#### TASK GOAL
In the entries below, find the line with "Sarajevo im Fokus" and the line with "2830 Auto Plaza Drive #110". Repeat exactly everything between them, those two lines included, but not the pictures.

[Start of section]

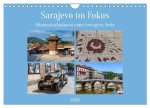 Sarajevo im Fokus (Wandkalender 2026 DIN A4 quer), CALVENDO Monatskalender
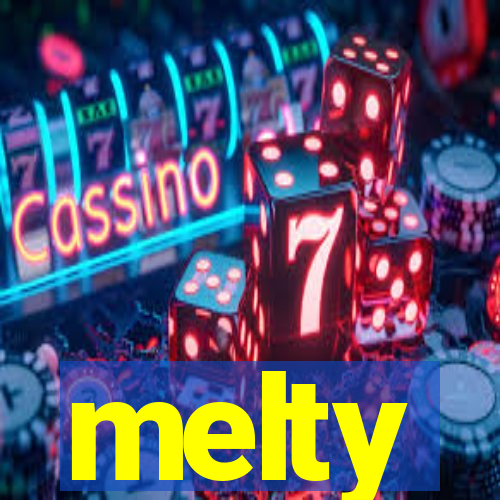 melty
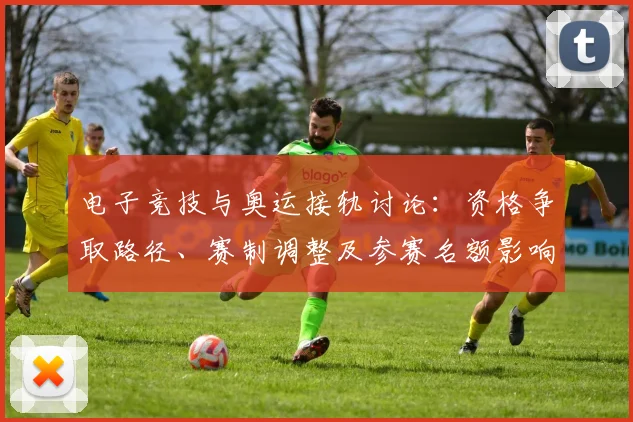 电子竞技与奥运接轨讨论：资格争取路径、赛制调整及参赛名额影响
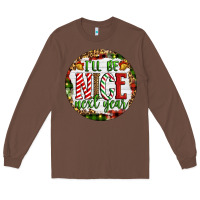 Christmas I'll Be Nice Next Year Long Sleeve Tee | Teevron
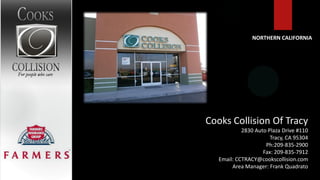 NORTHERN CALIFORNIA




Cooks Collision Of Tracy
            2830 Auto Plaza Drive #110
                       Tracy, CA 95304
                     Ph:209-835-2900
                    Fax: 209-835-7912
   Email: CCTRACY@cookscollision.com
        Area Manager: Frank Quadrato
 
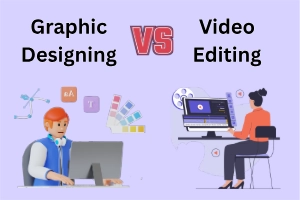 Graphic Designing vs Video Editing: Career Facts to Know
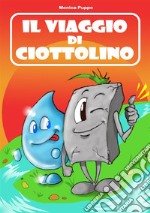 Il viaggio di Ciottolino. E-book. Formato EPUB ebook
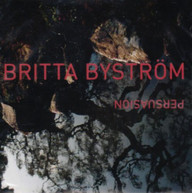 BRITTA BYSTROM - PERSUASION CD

[End of section]
[Start of section]

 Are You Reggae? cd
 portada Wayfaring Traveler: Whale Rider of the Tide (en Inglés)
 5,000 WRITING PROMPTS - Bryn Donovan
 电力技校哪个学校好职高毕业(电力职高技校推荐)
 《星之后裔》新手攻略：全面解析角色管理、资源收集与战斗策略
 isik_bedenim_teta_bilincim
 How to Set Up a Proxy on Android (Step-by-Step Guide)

[End of section]
[Start of section]

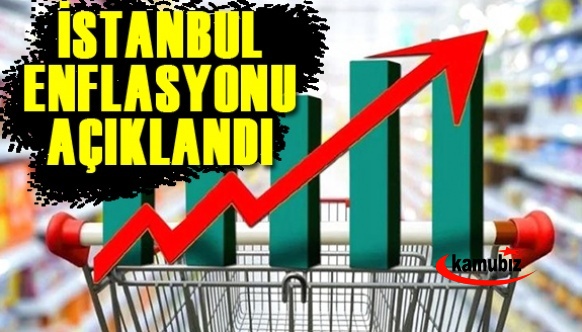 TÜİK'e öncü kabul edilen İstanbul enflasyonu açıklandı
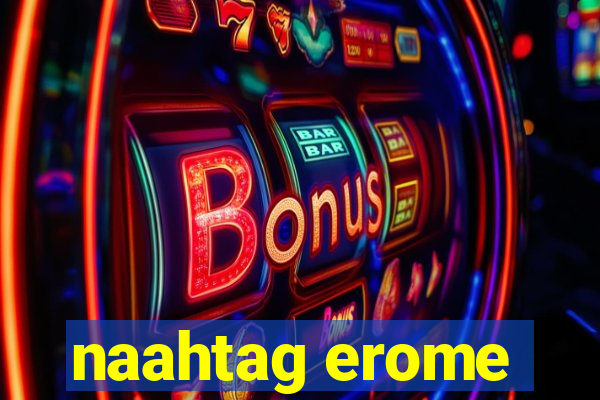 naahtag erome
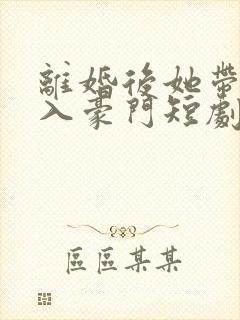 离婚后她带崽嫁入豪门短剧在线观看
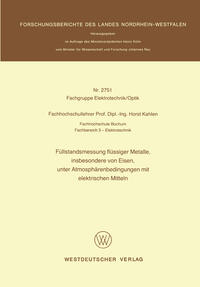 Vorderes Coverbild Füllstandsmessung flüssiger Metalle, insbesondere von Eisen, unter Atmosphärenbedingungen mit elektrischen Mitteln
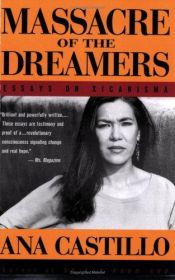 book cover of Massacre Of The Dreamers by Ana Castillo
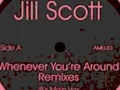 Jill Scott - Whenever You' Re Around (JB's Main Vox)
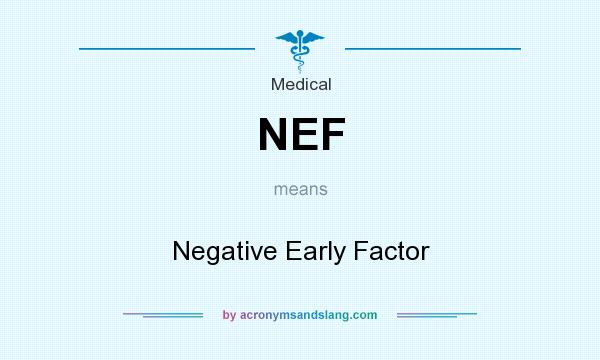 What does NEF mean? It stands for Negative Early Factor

[End of section]

#### TASK OUTPUT
 Sarajevo im Fokus (Wandkalender 2026 DIN A4 quer), CALVENDO Monatskalender
 melty
 电子竞技与奥运接轨讨论：资格争取路径、赛制调整及参赛名额影响
 Christmas I'll Be Nice Next Year Long Sleeve Tee | Teevron
 NORTHERN CALIFORNIA




Cooks Collision Of Tracy
            2830 Auto Plaza Drive #110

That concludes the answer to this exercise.